AVAILABLE DATA:
..............................

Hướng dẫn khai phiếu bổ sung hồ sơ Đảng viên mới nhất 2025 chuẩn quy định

..............................

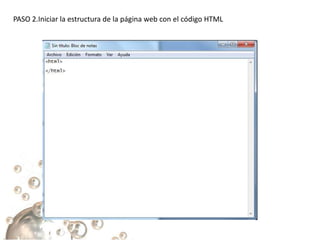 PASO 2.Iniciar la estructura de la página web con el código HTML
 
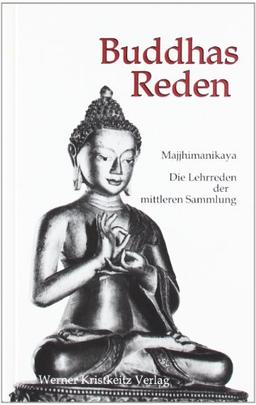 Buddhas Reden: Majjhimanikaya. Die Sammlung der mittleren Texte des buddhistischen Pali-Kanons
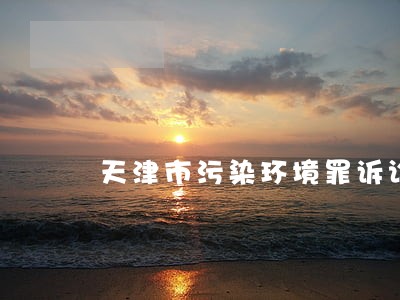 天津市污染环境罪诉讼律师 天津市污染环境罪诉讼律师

..............................

WORK ITEM: Would you copy out, exactly and with no pictures, only the lines above from the one that contains "Buddhas Reden: Majjhimanikaya." through the one that contains "天津市污染环境罪诉讼律师 天津市污染环境罪诉讼律师"?

SOLUTION TO THE EXERCISE:
 Buddhas Reden: Majjhimanikaya. Die Sammlung der mittleren Texte des buddhistischen Pali-Kanons
 天津市污染环境罪诉讼律师 天津市污染环境罪诉讼律师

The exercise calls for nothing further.